Wendy Landman, executive director of WalkBoston — a pedestrian safety group that is working across the state to make cities safer and more convenient for walking — said her organization is focused on improving “everyday walking” such as travel to schools and transit hubs. In terms of safety, she said she is most concerned with distracted driving.

“When you walk down the street, whether you're in Cambridge, or Boston, or rural towns in the Berkshires, it feels like half the drivers are looking at their phones,” she said. “The number of fatalities has been growing across the country, and there are a lot of people trying to figure out what all was going on.”

While crashes involving motor vehicles in Cambridge have dropped since 2000, the number of crashes involving pedestrians has stayed “generally consistent,” according to a 2017 Cambridge Police Department report. The report attributes this fact to the city’s rising population and associated rising number of pedestrians on Cambridge’s streets. Crashes involving either pedestrians or cyclists make up an average 17 percent of total crashes annually.

Patrick C. Braga, a student at the Harvard Graduate School of Design, said the Square has several “shortcomings” with regard to ensuring the pedestrian and cyclist safety.
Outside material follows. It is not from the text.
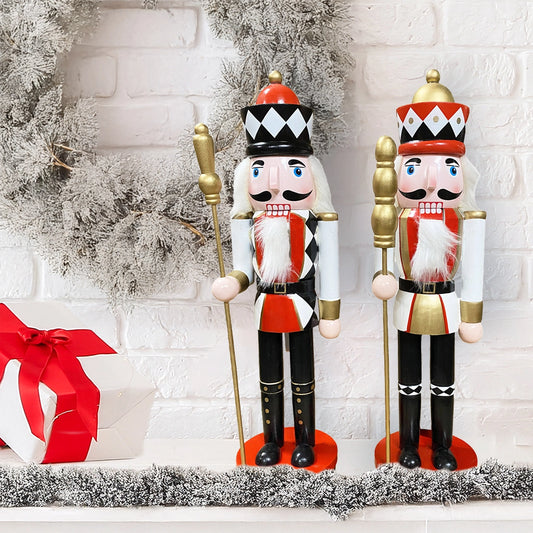 Two nutcrackers in festive attire with a white brick wall and gift box in the background.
Among the most significant are narrow sidewalks and a street design that gives priority to cars, he said.

“I'm almost punished through the streetscape design of having to constantly have to reassert just my human presence to others and hope that I can get empathy from the people who are driving to not endanger me and not see me as an obstacle in their way, but just somebody trying to get somewhere,” he said.

“Distracted walking should not be punishable by death in a highly walked dense area like Harvard Square,” he added.

Devereux said that there is no “magic bullet” to solve the problem, but that the city is taking steps to improve safety. She cited decreased speed limits and improved street design as part of an ongoing effort to address deadly crashes.

“Street design is key — looking for ways to continue to make the street infrastructure reflect that pedestrians and cyclists have equal, if not greater, right, to be using the street and need to be protected and separated and very visible,” she said.

Landman said that Cambridge’s city government has been a strong partner with her organization in improving pedestrian safety. She added that “concerted efforts” by the city have helped to improve overall safety, though it still has its issues.

“A great many Cantabrigians walk to transit, walk to their cars, walk in general,” she said. “[City officials] have been hard on it, but it has obviously not been fully successful.”

Braga said he proposed a design overhaul for the Square that would include a roundabout with smaller lanes and “prioritize safety.” He added that additional measures like changing the number of car lanes in certain areas and relying less on traffic lights could alleviate some of the dangers throughout Cambridge.

“It shouldn’t be that kind of rigid, over-engineered control,” he said.

Braga also said the possibility of eliminating car traffic entirely from the Square posed an “extraordinarily promising” solution so long as it were to be sufficiently studied. Both Devereux and Landman agreed.

Cambridge resident Heather M. Hoffman said that while she believes many approaches must be considered when addressing pedestrian safety, she believes walkers must be more “assertive” in order to help prevent crashes.

“I understand that my job [as a walker] is to make sure that [drivers] know what I want to do, so that they can stop and let me do it,” she said. “And I get so annoyed with the pedestrians who hang out on the curb, waiting for someone to read their mind and let them cross. The law says ‘stop for a pedestrian in a crosswalk,’ not a pedestrian texting and thinking about a crosswalk.”